Now we are ready to confirm our second Offline Testing tool, Rated Ranking Evaluator, commonly called RRE, is ready to go. Unlike Quepid, which is a webapp, RRE is a set of command line tools that run tests, and then publishes the results in both a Excel spreadsheet format and a web dashboard.

Now, lets confirm that you can run the RRE command line tool. Go ahead and run a regression:

docker-compose run rre mvn rre:evaluate

You should see some output, and you should see the output saved to ./rre/target/rre/evaluation.json in your local directory. We've wrapped RRE inside of the Docker container, so you can edit the RRE configurations locally, but run RRE in the container.

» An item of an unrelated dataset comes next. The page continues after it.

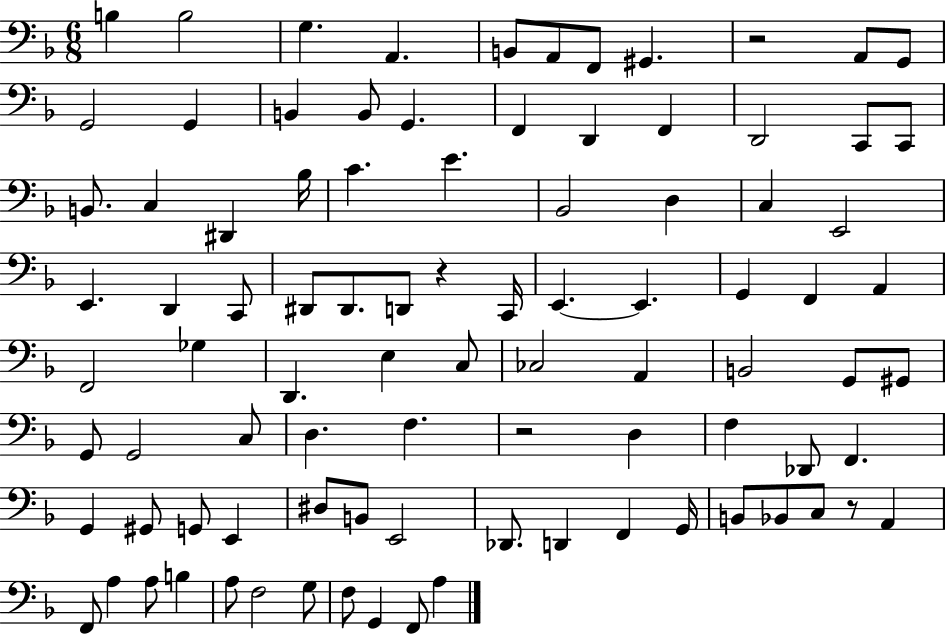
B3/q B3/h G3/q. A2/q. B2/e A2/e F2/e G#2/q. R/h A2/e G2/e G2/h G2/q B2/q B2/e G2/q. F2/q D2/q F2/q D2/h C2/e C2/e B2/e. C3/q D#2/q Bb3/s C4/q. E4/q. Bb2/h D3/q C3/q E2/h E2/q. D2/q C2/e D#2/e D#2/e. D2/e R/q C2/s E2/q. E2/q. G2/q F2/q A2/q F2/h Gb3/q D2/q. E3/q C3/e CES3/h A2/q B2/h G2/e G#2/e G2/e G2/h C3/e D3/q. F3/q. R/h D3/q F3/q Db2/e F2/q. G2/q G#2/e G2/e E2/q D#3/e B2/e E2/h Db2/e. D2/q F2/q G2/s B2/e Bb2/e C3/e R/e A2/q F2/e A3/q A3/e B3/q A3/e F3/h G3/e F3/e G2/q F2/e A3/q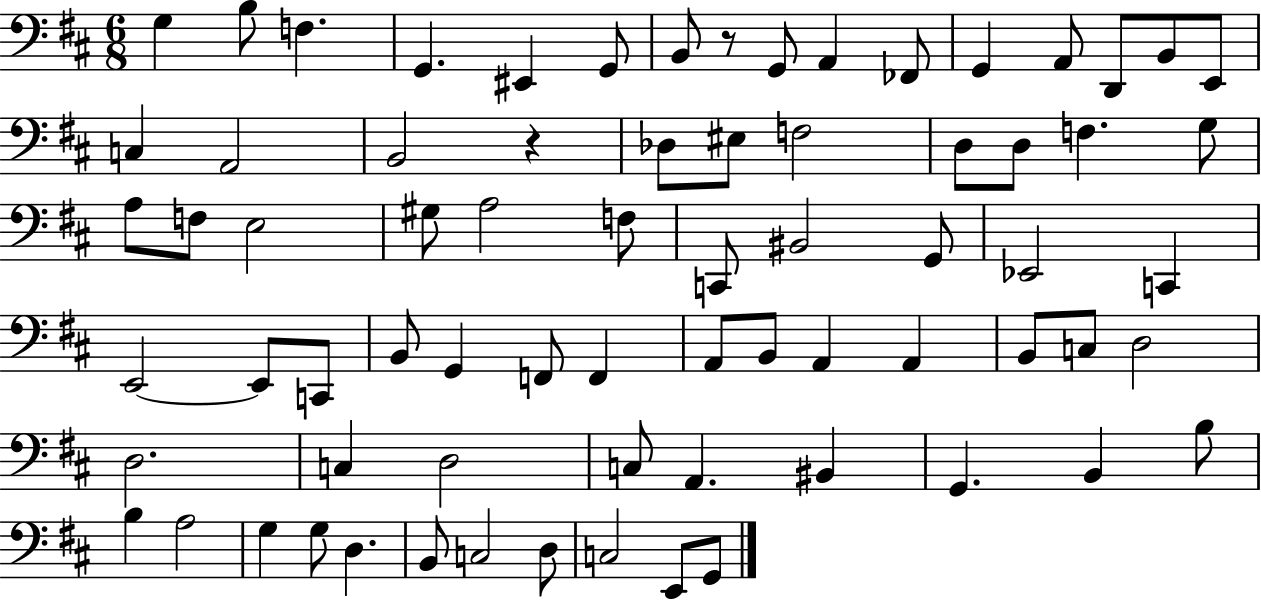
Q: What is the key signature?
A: D major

Now, let's go ahead and make sure we publish the results of our evaluation:

docker-compose run rre mvn rre-report:report

You can now see a html page saved to ./rre/target/site/rre-report.html.

Bring up http://localhost:7979 and you will see a relatively unexciting empty dashboard. Don't worry, in our first kata, we'll do a relevancy test and fill this dashboard in.

Last but not least we want to set up what we need to monitor our end user facing applications. We use Prometheus and Grafana for this task. Prometheus is already collecting and storing data. For Grafana we need to set up a user and grant this user administrative rights in Grafana:

curl -u admin:password -S -X POST -H "Content-Type: application/json" -d '{"email":"[email protected]", "name":"Chorus Admin", "role":"admin", "login":"[email protected]", "password":"password", "theme":"light"}' http://localhost:9091/api/admin/users
curl -u admin:password -S -X PUT -H "Content-Type: application/json" -d '{"isGrafanaAdmin": true}' http://localhost:9091/api/admin/users/2/permissions
curl -u admin:password -S -X POST -H "Content-Type: application/json" http://localhost:9091/api/users/2/using/1

Check if Grafana is up and running and the freshly created user has access by logging into Grafana at http://localhost:9091 using the username [email protected] with the password password. We'll dive into the details of observability in Kata 003 Observability in Chorus.

Congratulations! You now have Chorus successfully running with its components!